Vivir: Active Engagement Abroad

La Monica Everett-Haynes
July 12, 2013

At the UA, several programs offered through Study Abroad have a strong community service component.

Among them is a study abroad program in Antigua, Guatemala at the Center for Mesoamerican Research. There, in addition to learning an indigenous language and about the history of revolutions in Central America, students are able to establish their own volunteership or internship, for which they earn UA credit.

UA students studying abroad in Mexico are working with a community center to facilitate programming for youth. (Photo courtesy of Bryant Valencia)

Another strong example of a service-oriented study abroad program is Vivir México, which is now underway. With students currently in Cajones, Guanajuato, about 10 different service projects involving children and adolescents have been organized. Workshops focus on and incorporate a range of topics, including the arts, science, ballet, silkscreen printing, storytelling, drawing, career education and information on college.

This is the second Q&A in a series about the program. To learn more about the study abroad program, read "Vivir: Wildcats in Mexico" at UANews.org/blog.

Among other activities, the UA Vivir México group has visited ruins in Tlateloco, attended demonstrations about the uses of rock formed from cooled lava, observed an activst rally, viewed the artwork of revolutionary painters, learned about the history of Guanajuato, participated in a community potluck and attended a sixth-grade graduation ceremony at a school in Cajones.

Students studying abroad answered our questions about their time in Mexico. The students are: Ashley Tsosie-Mahieu, a doctoral student in the American Indian Studies program; Bryant Valencia, a second year master's student in the UA higher education program and a graduate assistant for Chicano/Hispano Student Affairs; Cydney Rose Mahieu, a public management and policy junior; and Julieta Calderon, a UA Honors College senior studying English and Spanish literature.

Pauline Muñoz shows her workshop group information about a volcano and the reason for its eruption. The group then made a volcano out of clay and used other materials to make it erupt. (Photo courtesy of Bryant Valencia)

Q: The service learning components are a major part of this study abroad program. What have you planned?

Valencia: Myself, Julieta Calderon and Cydney Mahieu put together a week-long lesson plan to teach the kids about teamwork and the importance of this concept in their lives. Our workshop is called "Jugamos Juntos," or We Play Together, which is a workshop for all ages, 5 and up. We planned team builders and games where students have to work in teams to complete tasks. Throughout the week, they will continue to engage in activities that push them to work together. For example, they will be doing a team obstacle course, which they will race to the finish. After each workshop we have time set aside for a quick debrief on what they learned as well as what was challenging for them.

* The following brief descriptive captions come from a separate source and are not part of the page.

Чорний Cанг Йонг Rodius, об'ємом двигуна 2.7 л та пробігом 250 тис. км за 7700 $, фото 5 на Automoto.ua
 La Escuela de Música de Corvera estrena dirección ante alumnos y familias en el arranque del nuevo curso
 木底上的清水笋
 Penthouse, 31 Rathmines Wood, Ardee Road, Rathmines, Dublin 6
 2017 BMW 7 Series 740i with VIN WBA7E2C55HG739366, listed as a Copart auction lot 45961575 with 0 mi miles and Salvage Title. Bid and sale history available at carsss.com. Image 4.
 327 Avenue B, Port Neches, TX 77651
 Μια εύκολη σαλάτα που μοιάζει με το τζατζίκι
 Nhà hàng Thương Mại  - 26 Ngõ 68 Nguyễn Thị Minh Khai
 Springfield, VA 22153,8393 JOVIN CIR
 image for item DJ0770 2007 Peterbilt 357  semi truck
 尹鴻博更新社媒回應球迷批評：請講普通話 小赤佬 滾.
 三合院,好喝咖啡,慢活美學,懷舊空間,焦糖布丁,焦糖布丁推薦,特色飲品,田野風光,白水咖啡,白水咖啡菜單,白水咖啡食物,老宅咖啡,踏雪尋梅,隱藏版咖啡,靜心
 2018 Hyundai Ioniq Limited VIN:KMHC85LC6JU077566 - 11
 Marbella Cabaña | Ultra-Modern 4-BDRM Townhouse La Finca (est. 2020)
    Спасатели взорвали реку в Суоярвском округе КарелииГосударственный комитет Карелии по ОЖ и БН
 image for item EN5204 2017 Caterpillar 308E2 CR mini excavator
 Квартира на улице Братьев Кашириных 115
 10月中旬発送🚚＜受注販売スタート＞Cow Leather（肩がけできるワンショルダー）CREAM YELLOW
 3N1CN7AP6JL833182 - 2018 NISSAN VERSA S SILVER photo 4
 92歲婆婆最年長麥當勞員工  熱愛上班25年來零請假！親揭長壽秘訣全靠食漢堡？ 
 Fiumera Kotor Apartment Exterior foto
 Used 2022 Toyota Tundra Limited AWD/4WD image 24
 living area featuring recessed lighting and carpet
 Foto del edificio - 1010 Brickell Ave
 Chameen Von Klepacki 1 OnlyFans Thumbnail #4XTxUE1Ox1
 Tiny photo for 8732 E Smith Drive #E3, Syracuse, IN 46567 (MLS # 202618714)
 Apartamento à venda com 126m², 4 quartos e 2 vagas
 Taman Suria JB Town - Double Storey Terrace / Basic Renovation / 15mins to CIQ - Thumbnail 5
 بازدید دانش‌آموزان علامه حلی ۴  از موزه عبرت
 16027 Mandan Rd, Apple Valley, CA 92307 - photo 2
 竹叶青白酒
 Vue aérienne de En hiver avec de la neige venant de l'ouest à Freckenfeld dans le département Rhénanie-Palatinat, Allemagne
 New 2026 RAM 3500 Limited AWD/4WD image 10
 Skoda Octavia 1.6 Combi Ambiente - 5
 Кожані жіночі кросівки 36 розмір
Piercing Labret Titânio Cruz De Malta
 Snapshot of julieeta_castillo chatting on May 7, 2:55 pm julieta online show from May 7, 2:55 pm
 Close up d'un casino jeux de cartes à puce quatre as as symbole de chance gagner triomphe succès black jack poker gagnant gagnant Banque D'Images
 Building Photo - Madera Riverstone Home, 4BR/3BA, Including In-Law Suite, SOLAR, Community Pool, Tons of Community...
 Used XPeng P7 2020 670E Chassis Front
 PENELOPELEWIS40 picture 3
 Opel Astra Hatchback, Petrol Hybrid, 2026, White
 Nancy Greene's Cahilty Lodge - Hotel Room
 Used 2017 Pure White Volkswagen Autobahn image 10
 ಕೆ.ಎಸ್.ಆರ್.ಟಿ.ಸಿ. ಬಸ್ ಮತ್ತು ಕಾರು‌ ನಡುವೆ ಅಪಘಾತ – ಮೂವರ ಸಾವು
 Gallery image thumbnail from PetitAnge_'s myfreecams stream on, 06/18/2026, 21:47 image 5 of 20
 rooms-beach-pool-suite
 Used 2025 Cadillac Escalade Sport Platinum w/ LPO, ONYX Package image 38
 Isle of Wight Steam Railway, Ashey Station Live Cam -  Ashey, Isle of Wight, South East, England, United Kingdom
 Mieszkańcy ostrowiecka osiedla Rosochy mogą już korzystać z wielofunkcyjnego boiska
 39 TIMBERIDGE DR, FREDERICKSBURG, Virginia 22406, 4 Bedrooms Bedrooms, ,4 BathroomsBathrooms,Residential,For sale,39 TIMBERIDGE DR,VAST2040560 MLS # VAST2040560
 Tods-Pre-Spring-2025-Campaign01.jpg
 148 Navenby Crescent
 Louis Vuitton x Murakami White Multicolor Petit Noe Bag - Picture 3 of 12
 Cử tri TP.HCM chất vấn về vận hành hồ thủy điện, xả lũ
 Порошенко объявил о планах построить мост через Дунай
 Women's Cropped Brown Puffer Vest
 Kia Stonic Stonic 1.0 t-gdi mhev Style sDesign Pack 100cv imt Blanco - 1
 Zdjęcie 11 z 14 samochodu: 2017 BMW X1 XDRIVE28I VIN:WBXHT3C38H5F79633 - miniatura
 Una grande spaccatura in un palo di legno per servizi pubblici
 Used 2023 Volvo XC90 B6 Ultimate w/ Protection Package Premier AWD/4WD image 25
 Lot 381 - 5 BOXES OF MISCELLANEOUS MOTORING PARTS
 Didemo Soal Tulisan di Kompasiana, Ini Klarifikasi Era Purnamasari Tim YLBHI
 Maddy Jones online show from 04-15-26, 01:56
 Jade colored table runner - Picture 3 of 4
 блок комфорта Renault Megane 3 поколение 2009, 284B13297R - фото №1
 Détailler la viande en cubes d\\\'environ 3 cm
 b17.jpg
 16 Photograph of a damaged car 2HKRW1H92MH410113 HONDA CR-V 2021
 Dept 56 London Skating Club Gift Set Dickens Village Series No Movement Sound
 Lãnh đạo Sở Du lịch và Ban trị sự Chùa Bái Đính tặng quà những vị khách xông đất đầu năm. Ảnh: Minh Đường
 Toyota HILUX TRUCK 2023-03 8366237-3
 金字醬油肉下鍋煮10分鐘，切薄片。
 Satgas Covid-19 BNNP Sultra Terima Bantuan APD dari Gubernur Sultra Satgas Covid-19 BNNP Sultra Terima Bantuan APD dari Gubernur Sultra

Calderon: Planning our service projects has been a part of our summer program since the beginning. As of Monday, we started our actual projects with the students of Resplandor. My group decided to plan activities that taught the students about team building and the importance of working together to reach a common goal and become successful.

Tsosie-Mahieu: We had students perform two projects: One project dealt with acidity and the other one with air pressure. In the first project, we had students write and draw with lime juice on pieces of paper and later placing the papers over heat to expose what the students had drawn. We explained that the acid reacted with the heat to reveal what they had written. The second project involved teaching students about air pressure by having them levitate ping pong balls using a straw and their own breath. Students were enthralled with both projects – it was difficult to round them up to lead them to their next workshop!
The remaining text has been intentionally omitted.